No domingo, a turma resolveu fazer uma trilha na montanha. Novamente, fiquei apreensivo, mas, para meu alívio, foi escolhida uma trilha bem pequena. Chegamos e, já na entrada da floresta, todos saíram procurando por galhos que lhes servissem de cajados. Foi algo instintivo, como se houvesse uma regra escrita em algum lugar: para se fazer trilha, tem de levar um cajado.
Lembrei-me de um velho amigo de Criciúma que foi fazer o caminho de Santiago de Compostela. Voltou barbudo e com um cajado. Andava com aquele cajado pela cidade. Passou a ser olhado com muito mais respeito depois disso. As pessoas pediam conselhos a ele.

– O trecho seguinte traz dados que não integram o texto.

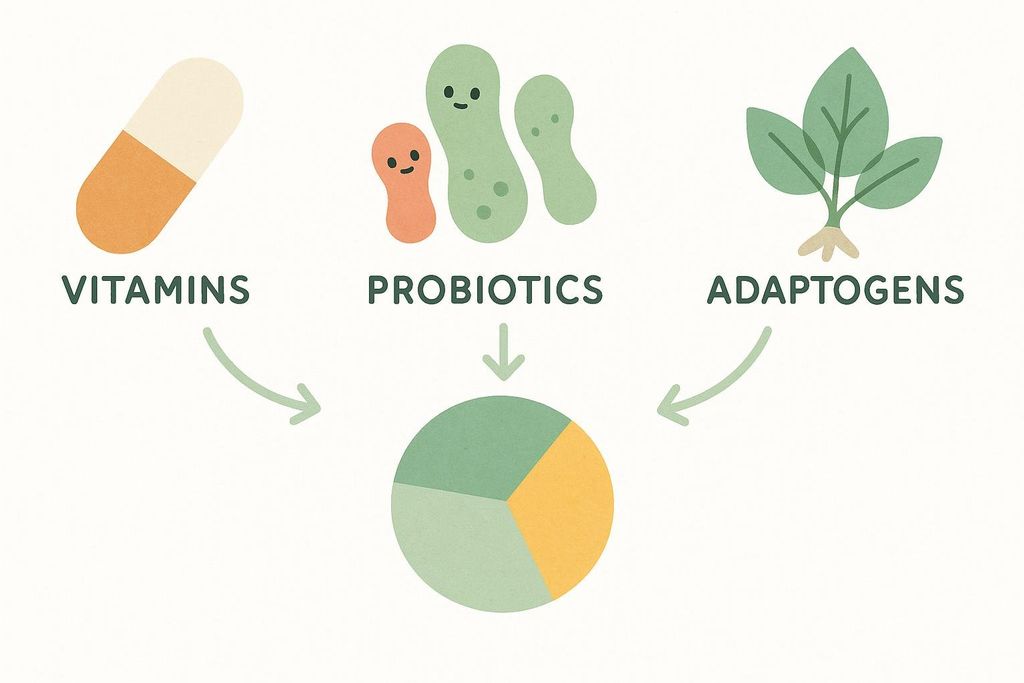 Diagram illustrating how vitamins, probiotics, and adaptogens combine into an all-in-one supplement, represented by a pie chart.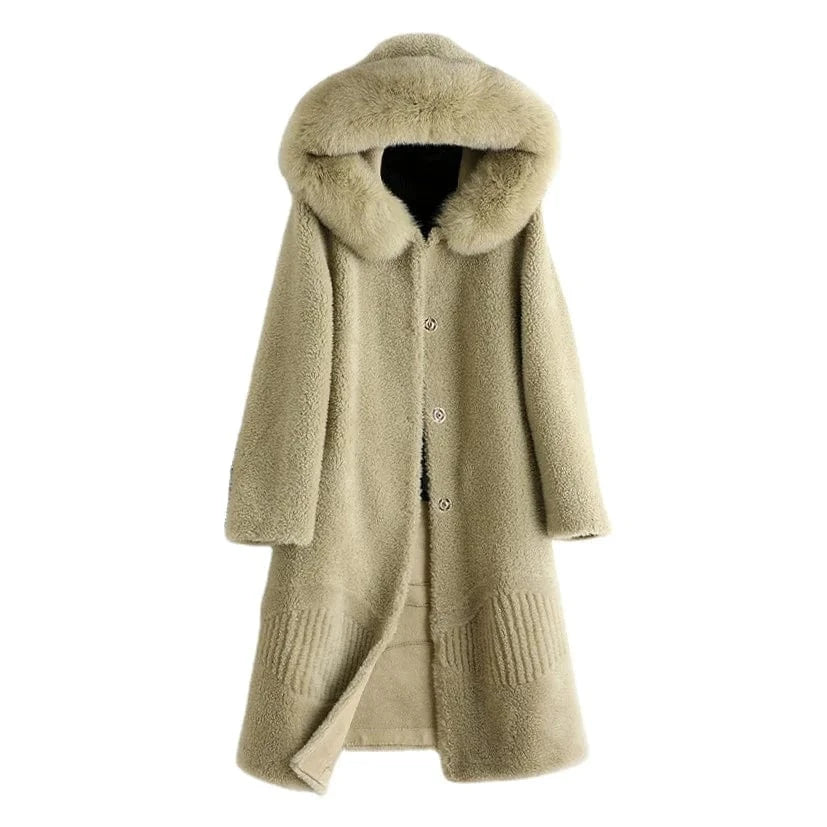 A50055 Pudi women real wool fur coat jacket trench with fox fur collar winter warm female sheep shearing over size parkar coats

Cajado combina mesmo com barba. E com sandália. O ideal seria usar um hábito de pano cru, amarrado à cintura com uma corda, como fazem os franciscanos, mas talvez aí seja radical demais. Bastam, creio, o cajado, a sandália, a barba e um pouquinho de sujeira. Um cara de cajado não pode estar completamente limpo. Ele tem de ostentar a poeira da estrada como referência.
Um cara de cajado também tem de ser muito calmo. Ele tem de falar devagar e responder cada pergunta com um meio sorriso condescendente. Ah: e usar metáforas. É importante usar metáforas, falar por meio de parábolas. Você pergunta as horas para um cara de cajado e ele começa, depois de inspirar profundamente:
– Havia um bosque, e nesse bosque havia um coelho muito apressado, como o coelho de Alice no País das Maravilhas. Ele estava sempre perguntando as horas. Um dia, perguntou a uma velha tartaruga que passava por ali. A tartaruga tinha mais de cem anos, vividos calmamente, sem sentir a passagem do tempo. Então, ela disse: “Amigo coelho, por que perguntas as horas, se...”
Por aí.
Um cara de cajado tem de ser contra o capitalismo, o consumo de carne vermelha e o automóvel. Um cara de cajado, se tiver de trabalhar em algum lugar, será no Ministério da Educação e Cultura do Brasil. Tenho certeza de que os intelectuais do MEC andam de cajado por Brasília. Eles têm ideias compatíveis com cajados e sandálias. Agora, eles querem acabar com o ensino da História Antiga e Medieval nas escolas. Mais: querem acabar com o ensino cronológico da História. O projeto é fazer com que as crianças estudem a América Pré-Colombiana, os índios e as culturas africanas, tudo isso sem referência de tempo, só referência temática.
Não é uma ideia de gente que anda com cajado? Claro que é. E é assim que será o Brasil do futuro: um país de homens e mulheres que caminham pela vida portando cajados, calçando sandálias, meio empoeirados, de fala mansa, muito pacíficos. Mas para quem não se deve perguntar as horas.